Paul V. Coates – Confidential File, Nov. 25, 1959

November 25, 2009 |  2:00 pm


 
Nov. 25, 1959, Mirror Cover

Vice President Richard Nixon will be grand marshal of the Rose Parade!


There Must Be Some Kind Answer to This



Paul Coates    (News item) Mrs. Carol Carpenter, 19, was arraigned in Los Angeles Municipal Court yesterday on felony child-desertion charges . . .

    Today, I took a one-lesson course on How to Turn a Law-Abiding Citizen Into a Criminal.

    I talked with Mrs. Carpenter.  What I learned, I'll pass on to you.

    Then, if you will, judge the woman.  Judge the law.  And judge the morality of the society which has branded her a criminal.

    As background to the case, I'll tell you that Carol Carpenter and her husband, Daniel, were married four years ago, while he was in the Army.  She was a month short of 16 at the time.  He was 18.

    Daniel Carpenter got his Army discharge in November, 1957.  Following it, he worked as a meat-cutter and store clerk in New York and Missouri, until he came to Los Angeles last June.

    He came alone, found a job, saved money, rented a home and then sent for his wife and children, David, 2, and Debra, 1.  They arrived in August.

Dec. 9, 1959, Child Neglect     By that time he had found a better job.  He worked six days a week as a machinist, and frequently spent Sundays working at a car wash.

    Two months ago, Kim, their third child, was born.  And a week later, Carpenter was laid off because of the steel strike.  Their savings were meager, and they disappeared rapidly.

    Carpenter looked for a job without success.  Then he committed a stupid act.  When the kids had gone hungry for two days, and after he and his wife had been turned down by the few charities they thought to contact, he rifled a pay-phone. 

    He was caught and jailed.

    Then Carol Carpenter -- with three infant children -- was alone.

    The rent was due.  The landlady told her to get out.  She did.  She sought help where she could.  A girl friend let Carol and the three children stay with her a few days -- until that landlady complained, too.

    She called ministers, the Bureau of Public Assistance, charity groups, even the police.

    She asked one police officer, "What am I going to do?"

Nov. 25, 1959, Know Your Town     He answered, sarcastically, "What do you want me to do?"

    Catholic charities came up once with money for a week's rent and a few days' groceries. Then she managed to borrow a dollar or two for more milk.

    But a week ago Monday, she was again without money or food.

    On Tuesday, she went back to Catholic Charities.  This time, they wouldn't help her.  She was referred to the Alhambra public assistance office, which referred her to the El Monte public assistance office, which sent her back to Alhambra.
   
She spent all day Wednesday in the Alhambra office, but no one heard her case.  She called some welfare agencies and charities.  No luck.

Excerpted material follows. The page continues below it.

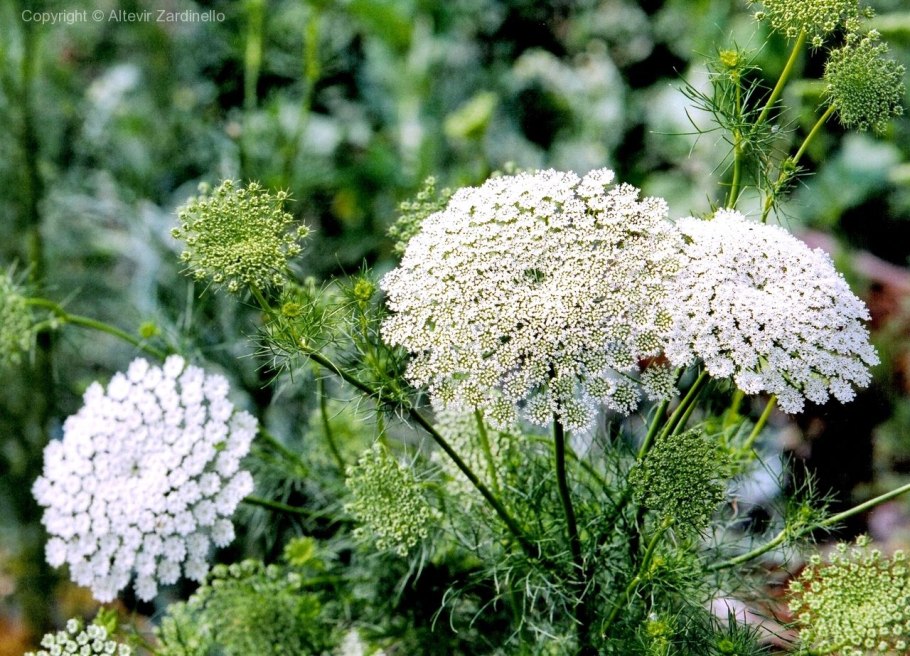 Виснага морковевидная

    Thursday she went to the East Los Angeles public assistance office, which volunteered to sent her back to Missouri. Knowing the red tape she'd have to unravel there before getting food for her children, she declined the trip.

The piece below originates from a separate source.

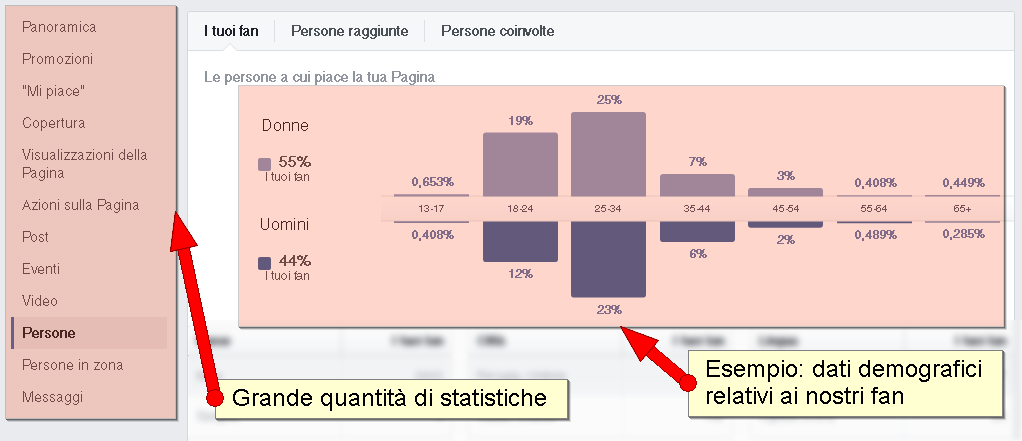 facebook insight statistiche demografiche fan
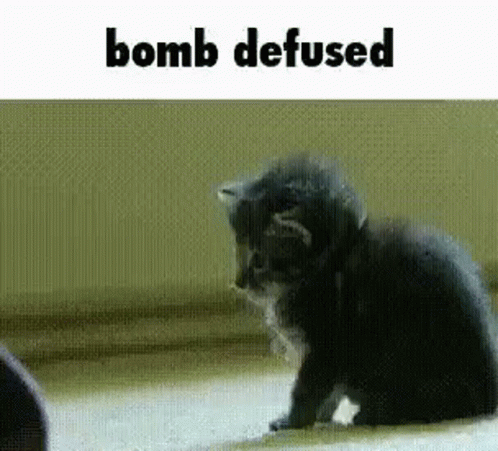 You're The Bomb Defused GIF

    She called Juvenile Hall, asked if they could care for her children until she could find a job.  The answer was no.  Only if the children were abandoned would Juvenile Hall take them.

    Then she went to visit her husband in jail.  She told him that she was going to abandon the children.  They were sick with colds.  They hadn't eaten in three days.

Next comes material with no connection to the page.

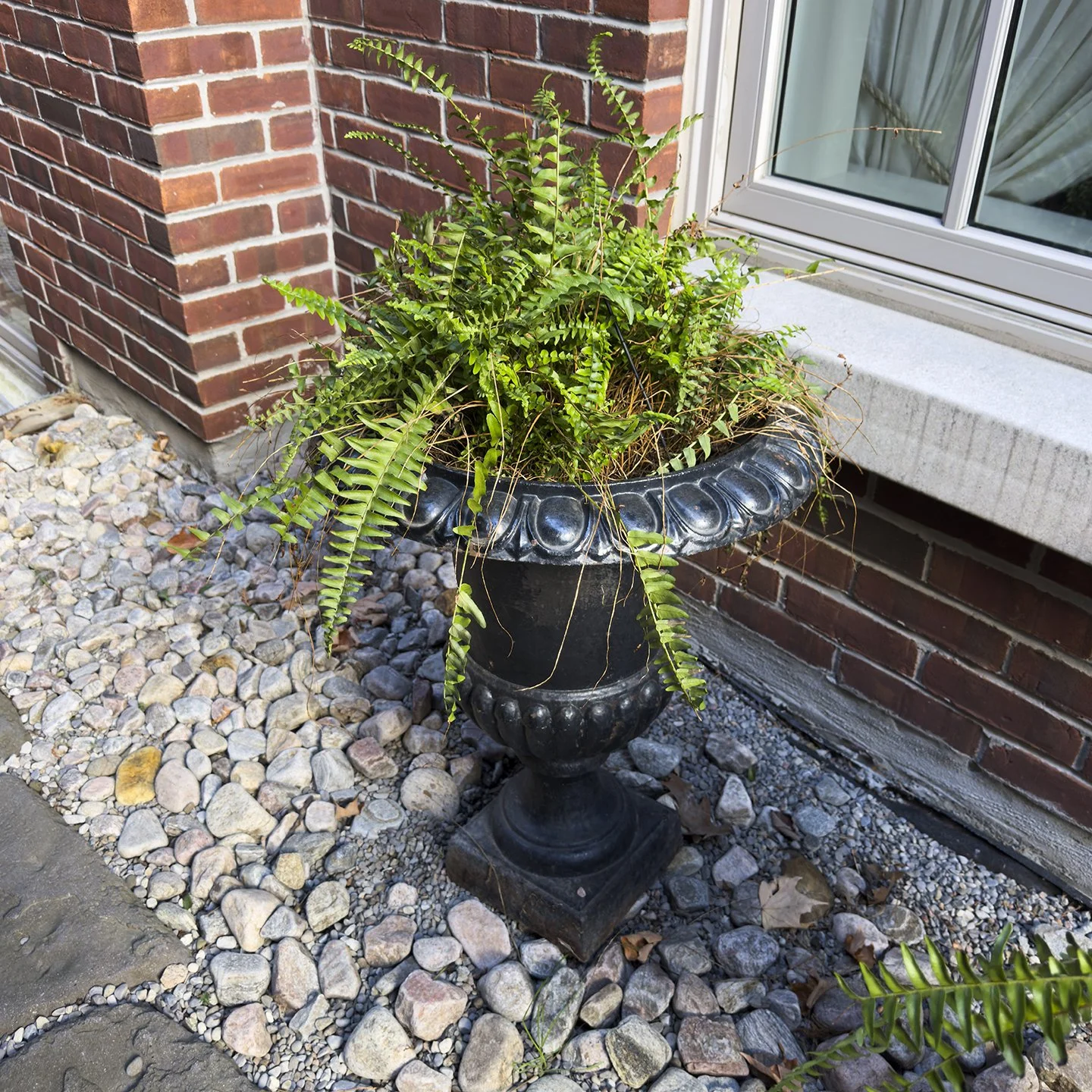 HALIBURTON_0583.jpg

    "I knew they were starved," she told me today, "because I was starved myself."

    She mentioned that she didn't think her husband believed her.

    "I told him, 'What do you want?  Your children being fed or three dead children?"

    "I didn't know how much of a crime it was," she added to me, "but I didn't care if I went to jail if it would keep them from dying."

With Two Borrowed Dimes

    Then Carol Carpenter took her three infant children into a church and left them there.  From a phone nearby, with two borrowed dimes, she called Juvenile Hall and the church's priest to tell what she'd done.  She wanted her children back, she said, but she couldn't see them starve.

    For this act, Carol Carpenter may go to prison.

    I don't understand it.  And more and more, I'm confused by the meaning of the word "charity."  I always took it to mean, in important part at least, emergency help at the moment it's needed.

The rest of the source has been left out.